_PROBLEM TO WORK ON_.
Return only that part of the material below which starts with the line containing "Ratchet Driver 1" and goes on through the line containing "Frozen Elsa Princess", restated exactly.

-- SOURCE INFORMATION follows --

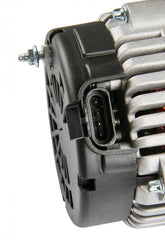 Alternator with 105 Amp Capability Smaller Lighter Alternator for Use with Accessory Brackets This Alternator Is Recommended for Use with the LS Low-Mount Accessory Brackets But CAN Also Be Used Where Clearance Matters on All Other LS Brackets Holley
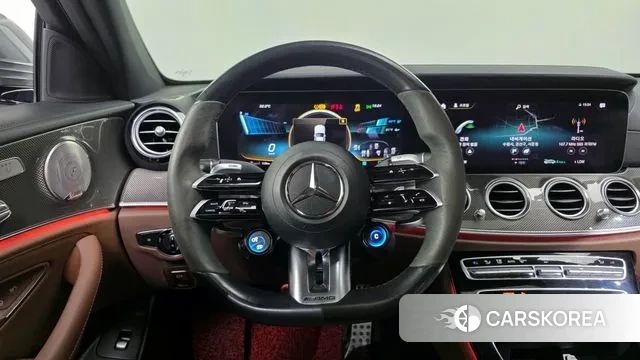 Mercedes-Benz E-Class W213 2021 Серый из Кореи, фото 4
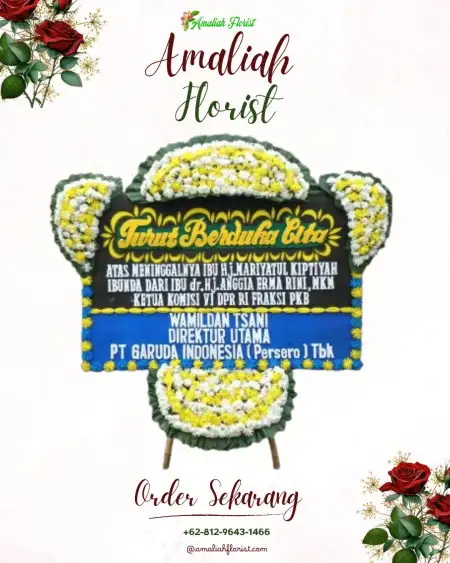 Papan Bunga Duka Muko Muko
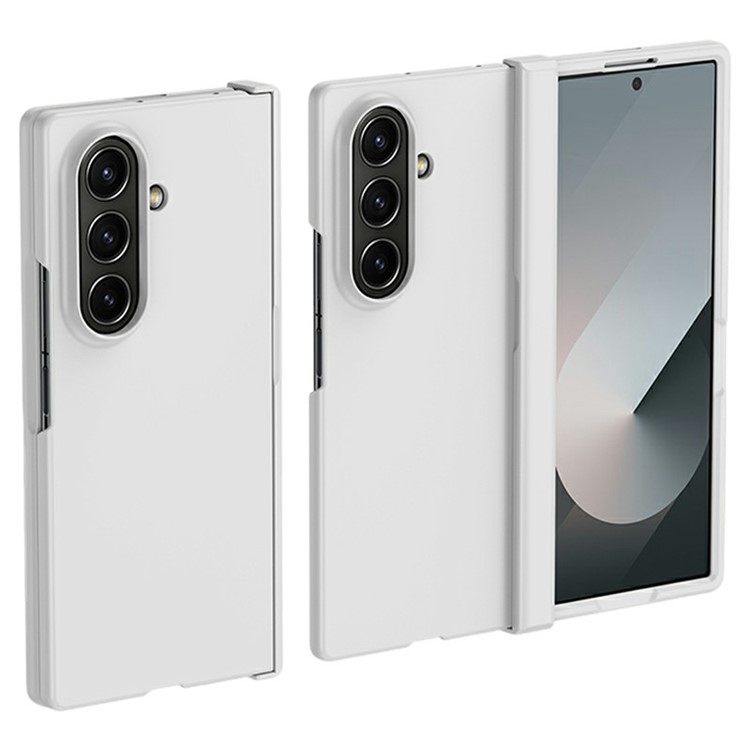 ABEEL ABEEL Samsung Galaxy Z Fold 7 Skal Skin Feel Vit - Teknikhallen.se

-- SOURCE INFORMATION concluded --
-- SOURCE INFORMATION follows --

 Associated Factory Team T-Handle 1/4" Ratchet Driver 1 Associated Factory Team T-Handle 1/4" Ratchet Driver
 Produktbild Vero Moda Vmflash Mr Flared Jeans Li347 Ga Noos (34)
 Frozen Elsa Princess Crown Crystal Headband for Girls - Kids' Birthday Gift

-- SOURCE INFORMATION concluded --

_REPLY_.
 Associated Factory Team T-Handle 1/4" Ratchet Driver 1 Associated Factory Team T-Handle 1/4" Ratchet Driver
 Produktbild Vero Moda Vmflash Mr Flared Jeans Li347 Ga Noos (34)
 Frozen Elsa Princess Crown Crystal Headband for Girls - Kids' Birthday Gift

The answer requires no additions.